These headphones came to our office in the form of a beautiful black and deep red that immediately had my attention. It’s  that really eye-catching shade of red Iron Man himself chose, and while there isn’t much of it, this pair is seriously going to turn some heads. The 40mm drivers are housed in extremely soft, comfortable cups with a comfy leather exterior. The cups, in turn, swivel around 90 degrees, if you fancy yourself a DJ, and comfortably pinch against a shoulder and ear if need be. For the rest of us, there is a thickly-padded leather headband that keeps tension just right, and evenly-distributed across your head. I know I say this a lot, but headphone manufacturers are really stepping up the levels of comfort, particularly on their luxury headphones. I was able to wear the MDR-1Rs for the better part of a nine-hour work day without having to take them off.

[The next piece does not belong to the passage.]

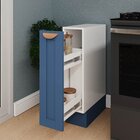 Balcão Porta Tempero 20cm Sem Tampo Arizona Cabecasa Madeirao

The weight and tension are distributed evenly, so no one spot really pinched uncomfortably; not even the stiff parts of my ears. If you spend long hours listening to music, you really should consider this pair.

These headphones come with two sets of cables: one standard 3.5mm cable, and another one with an in-line mic, call, and volume buttons for use with a mobile phone. The cables plug in to the left ear cup, and then into your device, which is a design that I have always appreciated, since snagging means the cables just break away from the cup instead of rendering your headphones nothing more than a shiny, but useless, fashion accessory. The soft cups mold very snugly around your head, and as such, offer pretty solid noise isolation. More than once I missed parts of conversations directed at me because I simply did not hear them, even at moderate volume. The price of the superb isolation, however, is heat. This is not really a pair of headphones you want to be using in the sweltering heat of your daily commute. Your ears will sweat buckets in very short order. For indoor use, though, it’s pretty hard to beat. The cable included is plenty long enough to trail from a pocket, bag, or table, and is thick and slightly rubberized, which helps keep tangles down. The microphone proved adequate for calls, though tended to drag across my face or clothing, creating noise for the listener on the other end. It worked best when just left alone to pick up my voice, so don’t touch it while in a call, and you should be fine.

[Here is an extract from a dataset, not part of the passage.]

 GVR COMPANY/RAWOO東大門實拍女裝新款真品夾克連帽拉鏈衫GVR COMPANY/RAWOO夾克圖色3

Sound quality is at par for Sony headphones, that is to say excellent. These headphones gave me the kind of sound I look for in headphones: more of an emphasis on mids than bass, and very vivid highs. This is not to say that the bottom is missing, it’s just not overpowered, and does not drown out all the other tones. Vocals in particular come out very nicely; something I value in audio equipment in general. There is also a pleasant absence of sibilance (the sharp, annoying “S” sound), even on some tracks that I knew it to be present. This doesn’t mean you can give up higher bitrates; just that it is a little more forgiving than some other headphones in the market.

They aren’t the cheapest headphones available today (they are available online for just under USD 200) , but the Sony MDR-1R is a pretty good investment. Great comfort, Sony quality, and excellent sound reproduction all make for a great pair of headphones to own and use.